It is hard to read the Old Testament without running accross the concepts of blessing and abundance. We tend to think of abundance as a piling up of manufactured goods. As they say, "The one who dies with the most toys wins." Since moving out to the farm, I have broadened my definition. Clean skies, lush grass, trees in full leaf. Here are blessing and abundance illustrated in the third picture for Gideon's top five.

Monday, March 21, 2005

The latter part of the twentieth century was remarkable for the new flowering of Orthodox monasticism. As much as I appreciate the restoration of the great monasteries on Athos and the introduction of traditional monasticism to America and around the world, I have a special affection for those in the monastic life who follow a less conventional path, usually alone, without great fame or prestige. One such person was Mother Gavrilia, or to more properly anglicize the name, Mother Gabriel. I will not attempt to summarize her life, but instead will refer you to an excellent article at the Orthodox Peace Fellowship web site. There is also a good page at the web site of St. Gregory Palamas Monastery. For a selection of her sayings, go here. Since I still owe Gideon Strauss an answer to his questions, I will quote one that he may appreciate:

Someone said that a Christian is he who purifies love and sanctifies work.

Sunday, March 20, 2005

The sky over our farm is a source of endless fascination. Here is picture number two, taken at sunset with a rising moon. Rain clouds were clearing off and the quality of light was something beyond the ability of my little camera to capture. Someone linked to this photo when it was first posted, captioning it "God showing off."

Saturday, March 19, 2005

The answers to Gideon's questions will have to trickle in as the week goes on. With sick family members and a busy week at the office, blogging will get wedged into spare moments over the next few days. I have been browsing through the archives, looking at photos posted over the past three years to answer Question One. Here is my first candidate for the top five. Go here for the original post with the story behind the picture.

Friday, March 18, 2005

The on-line world is a peculiar mixture of the personal and the superficial. I now have long-standing acquaintances that I would consider good friends except for the simple fact that we have never actually met. I don't chat or engage in instant messaging, so my on-line interactions are limited to reading the works of others and exchanging a few quick notes. Rather like swapping post-cards with the author of an article you liked. Gideon Strauss recently invited his readers to answer five questions in an interview format, a way of finding out a little more about the man or woman hiding behind the blog. Self-reflection being one way of observing Lent, I sent in my request to participate, and Gideon forwarded the very good questions you see below. I will be reflecting on them over the weekend and will post answers as I get the chance. In the meantime, if any regular readers have a favorite photograph from the archives, or if you have a favorite very short poem, leave a note in the comment section or drop me a line at .

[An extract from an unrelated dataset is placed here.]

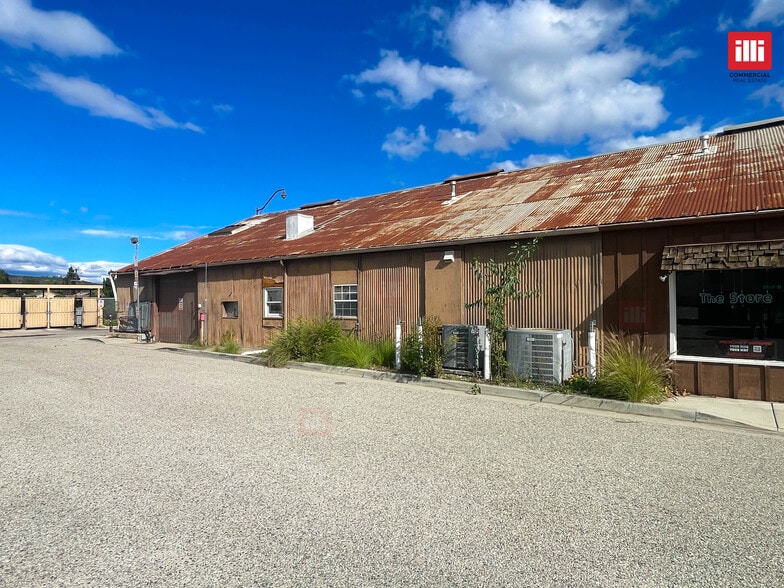 More Photos Of 2401 Ventura Blvd, Camarillo Storefront For Lease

1. What four or five farm photographs on your blog would first want to show to new friends?
2. What is your favourite very short poem?
3. How has several generations of being farmed by the same family made your land a good place?
4. What is the most significant influence of the liturgical year on the life of your family?
5. What are the deepest connections between your Orthodoxy, farming, and lawyerly practice?

Thursday, March 17, 2005

Farm life from the ground up.

Wednesday, March 16, 2005

For those of you who check daily, yes posts have been going up a day late. My home laptop and Blogger have both been having difficulties, hence the late postings. Blogger's troubles seem to have made the comments feature almost unusable. If you want to leave a note, send it on to me here. I will be happy to post any comments you would like to share with the rest of the readership. Just let me know if it is for public consumption or not.

Tuesday, March 15, 2005

Interrupting his dinner.

Monday, March 14, 2005

The fellow attorney and Orthodox seminarian who blogs as Minor Clergy has a fine post on Forgiveness Sunday in his parish. Recommended reading on this first day of Lent.

Sunday, March 13, 2005

A small sheep takes a big drink of water.
Today is Forgiveness Sunday in the Orthodox calendar, the last stop before Lent begins tomorrow. I drove into the city this morning to St. Mary's, my "home" parish where I was introduced to Orthodoxy, to join the congregation in asking each other for forgiveness, beginning our repentance with reconciliation. Here is an excerpt from Alexander Schmemann's Great Lent on the meaning of this Sunday:

Lent is the liberation of our enslavement to sin, from the prison of "this world." And the Gospel lesson of this last Sunday (Matt. 6:14-21) sets the conditions for that liberation. The first one is fasting -- the refusal to accept the desires and urges of our fallen nature as normal, the effort to free ourselves from the dictatorship of flesh and matter over the spirit. . . . The second condition is forgiveness-- "If you forgive men their trespasses, your Heavenly Father will also forgive you." The triumph of sin, the main sign of its rule over the world is division, opposition, separation, hatred. Therefore the first break through this fortress of sin is forgiveness: the return to unity, solidarity, love. To forgive is to put between me and my "enemy" the radiant forgiveness of God Himself. To forgive is to reject the hopeless "dead-ends" of human relations and to refer them to Christ. Forgiveness is truly a "breakthrough" of the Kingdom into this sinful and fallen world.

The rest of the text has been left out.